Das alte Istanbul (1950er bis 70er)
Dabei reißt Pamuk in der Besprechung von Istanbul: Erinnerungen und Bilder aus einer Stadt durchaus auch philosophische Fragestellungen an, etwa, wie stark das Schönheitsempfinden beim Betrachten einer Fotographie mit den eigenen Erfahrungen und Erinnerungen zusammenhängt. Er zitiert Ara Güler, dessen Fotographien Pamuk für sein Buch verwendet hat. Er habe ihn gefragt, ob er die Bilder nicht eigentlich nur schön finde, weil sie ihn an seine eigene Kindheit erinnerten. Kann man das Schönheitsempfinden also vielleicht gar nicht von der Erinnerung lösen?

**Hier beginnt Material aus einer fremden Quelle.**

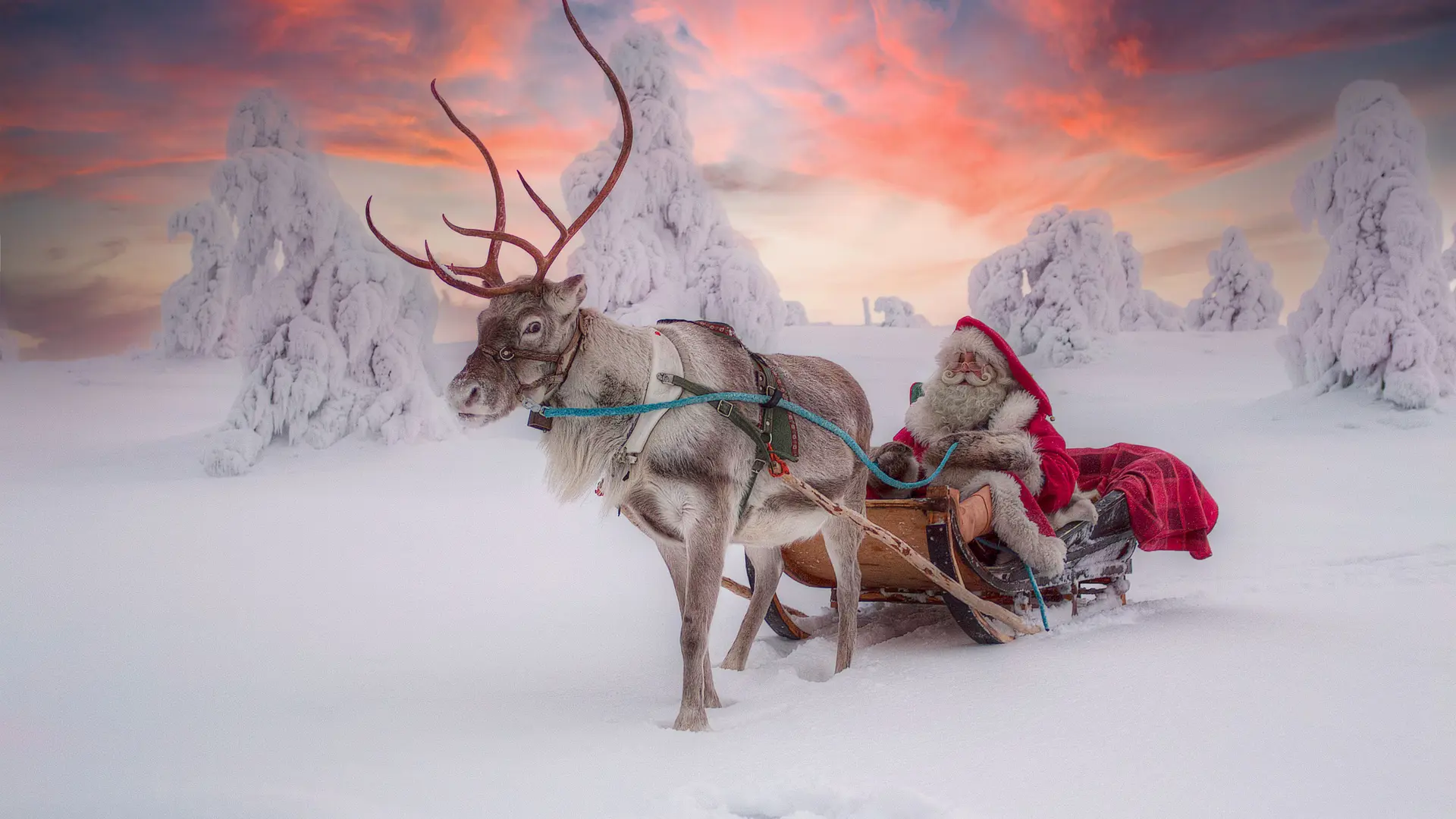 Hero Banner Background Video or Image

Ein weiteres Thema ist das Gefühl der inneren Zerrissenheit der Menschen in Istanbul: einerseits die Sehnsucht nach einem Aufbruch, andererseits ein »Sich-nicht-lösen-Können« von der alten Kultur. Was außerdem nicht fehlen kann in einem Gespräch über Pamuks Istanbul-Buch, ist der Schlüsselbegriff hüzün. Das Wort kommt aus dem Arabischen und bedeutet Melancholie. Pamuk meint, das Gefühl im Istanbul seiner Kindheit und Jugend, aber auch in den Erzählungen anderer großer türkischer Schriftsteller zu finden. Der Autor begründet die Neuauflage von Istanbul mit einer erweiterten Bebilderung damit, dass hüzün auf einer weiteren Ebene ausgedrückt wird – also nicht nur auf der Textebene, sondern auch auf der Bildebene.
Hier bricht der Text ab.